Problem requirements — What should be copied is the stretch of entries below from the line with "2024 GMC Sierra" up to and including the line with "Damen-Badebekleidung & Unterwäsche", exactly and without images.

───── Supplied material

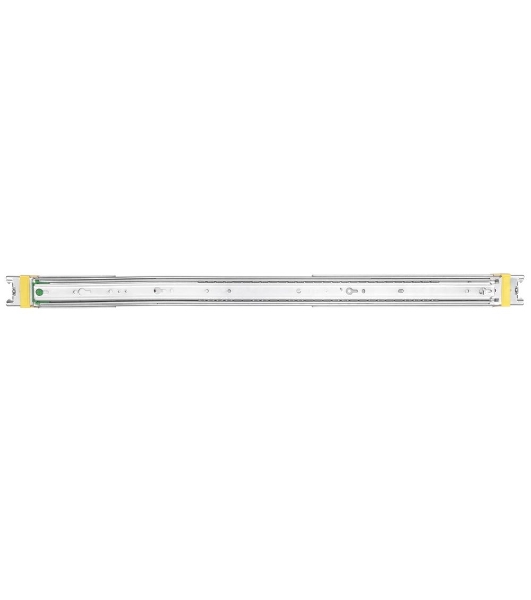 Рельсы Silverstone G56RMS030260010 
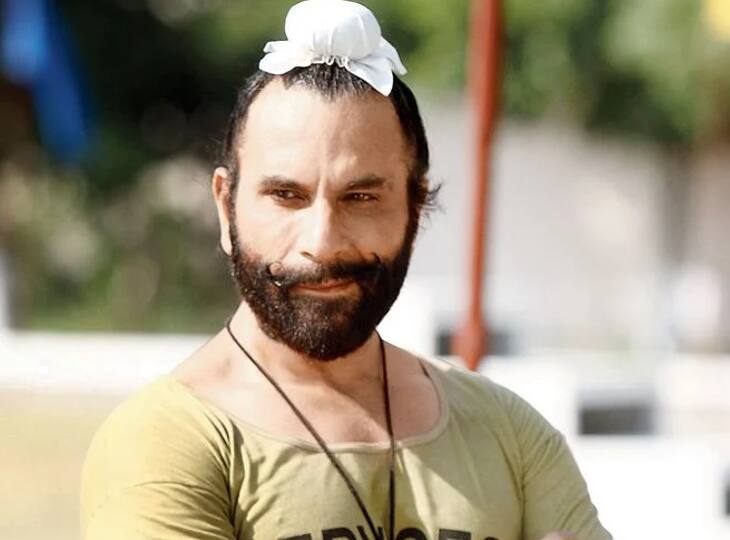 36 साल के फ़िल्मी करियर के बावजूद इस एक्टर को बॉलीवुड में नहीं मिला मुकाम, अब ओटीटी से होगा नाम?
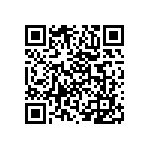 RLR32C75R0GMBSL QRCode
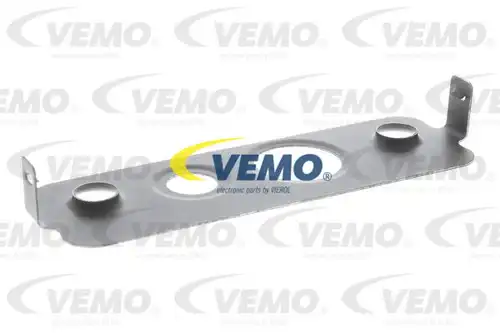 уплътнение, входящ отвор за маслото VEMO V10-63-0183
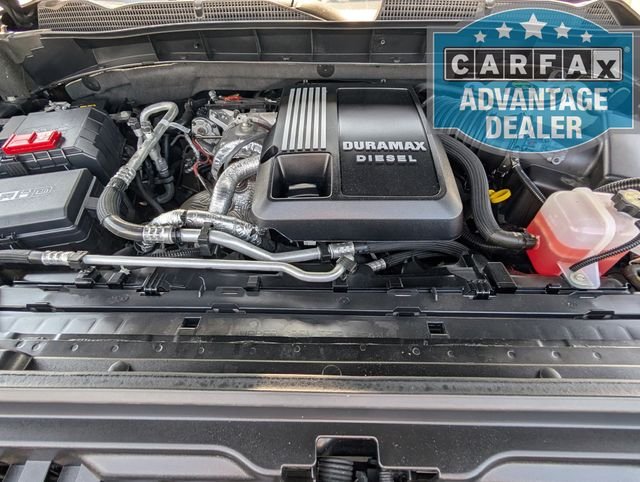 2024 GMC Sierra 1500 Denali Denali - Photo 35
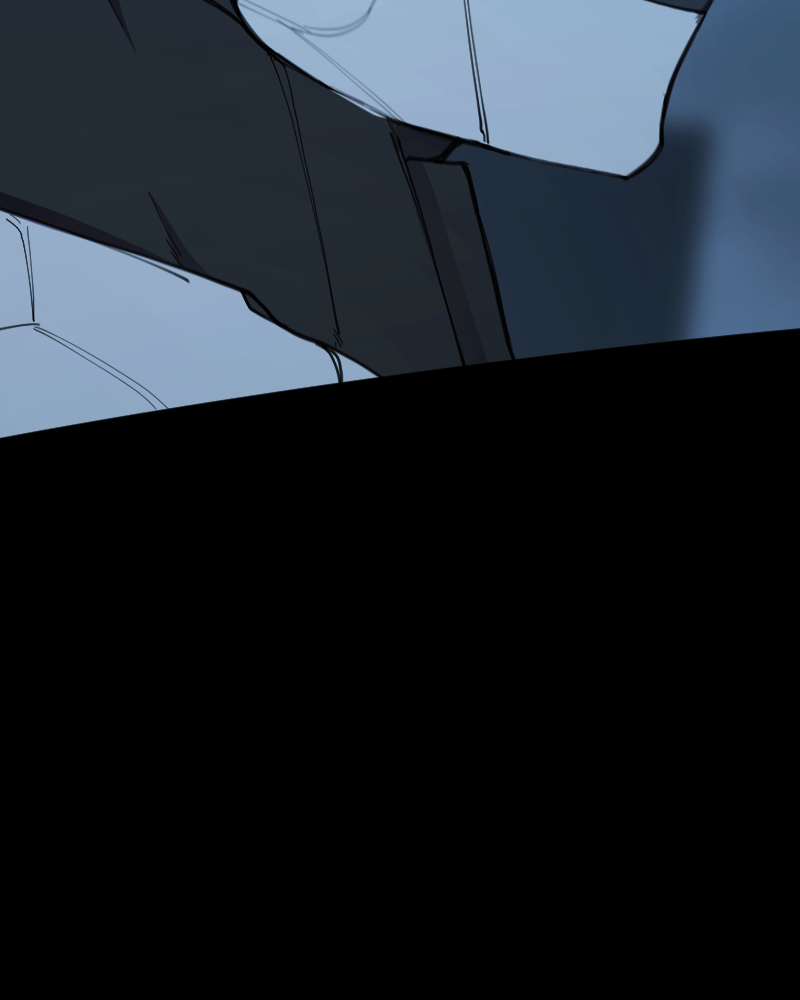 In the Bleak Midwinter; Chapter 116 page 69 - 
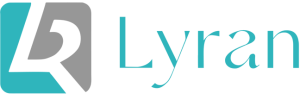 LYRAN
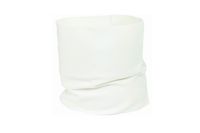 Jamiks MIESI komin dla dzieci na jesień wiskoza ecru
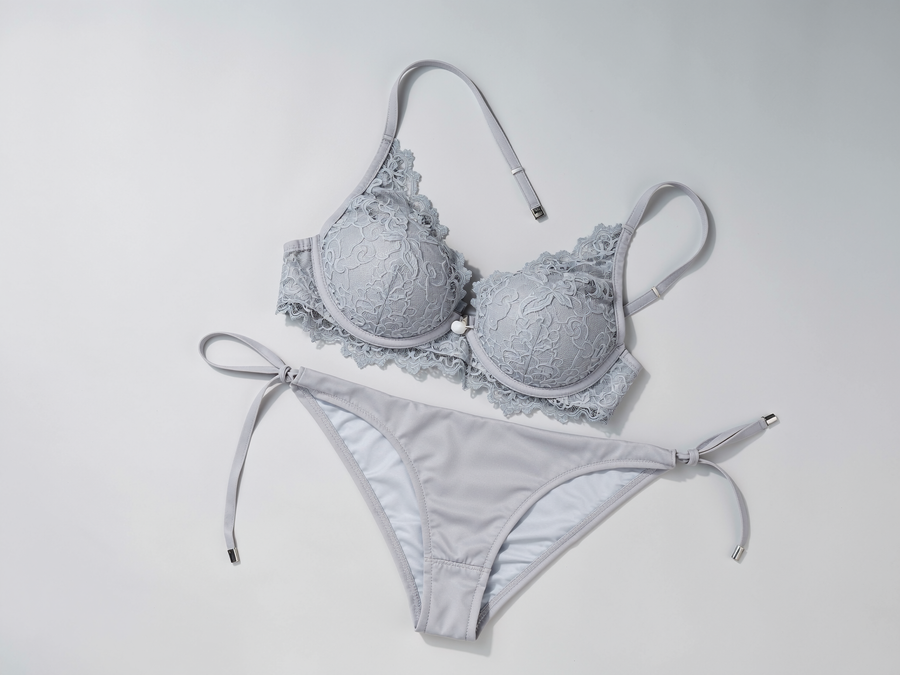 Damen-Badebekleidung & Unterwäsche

──────────
───── Supplied material

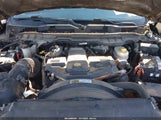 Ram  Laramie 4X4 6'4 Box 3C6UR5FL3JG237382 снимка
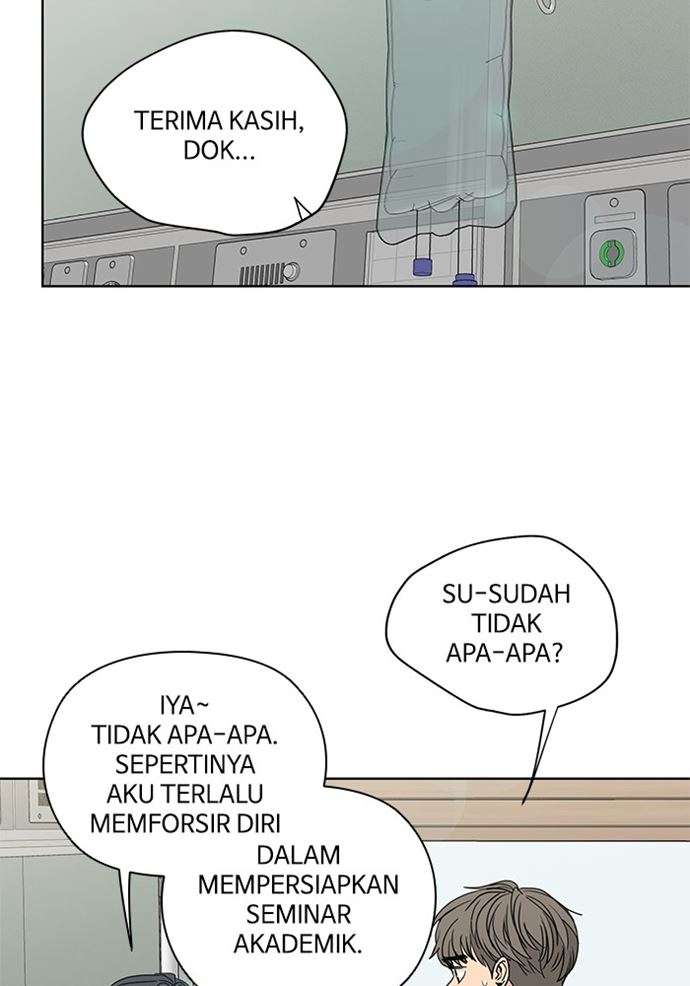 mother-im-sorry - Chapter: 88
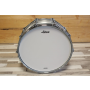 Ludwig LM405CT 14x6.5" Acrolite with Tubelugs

──────────

Output —
 2024 GMC Sierra 1500 Denali Denali - Photo 35
 In the Bleak Midwinter; Chapter 116 page 69 - 
 LYRAN
 Jamiks MIESI komin dla dzieci na jesień wiskoza ecru
 Damen-Badebekleidung & Unterwäsche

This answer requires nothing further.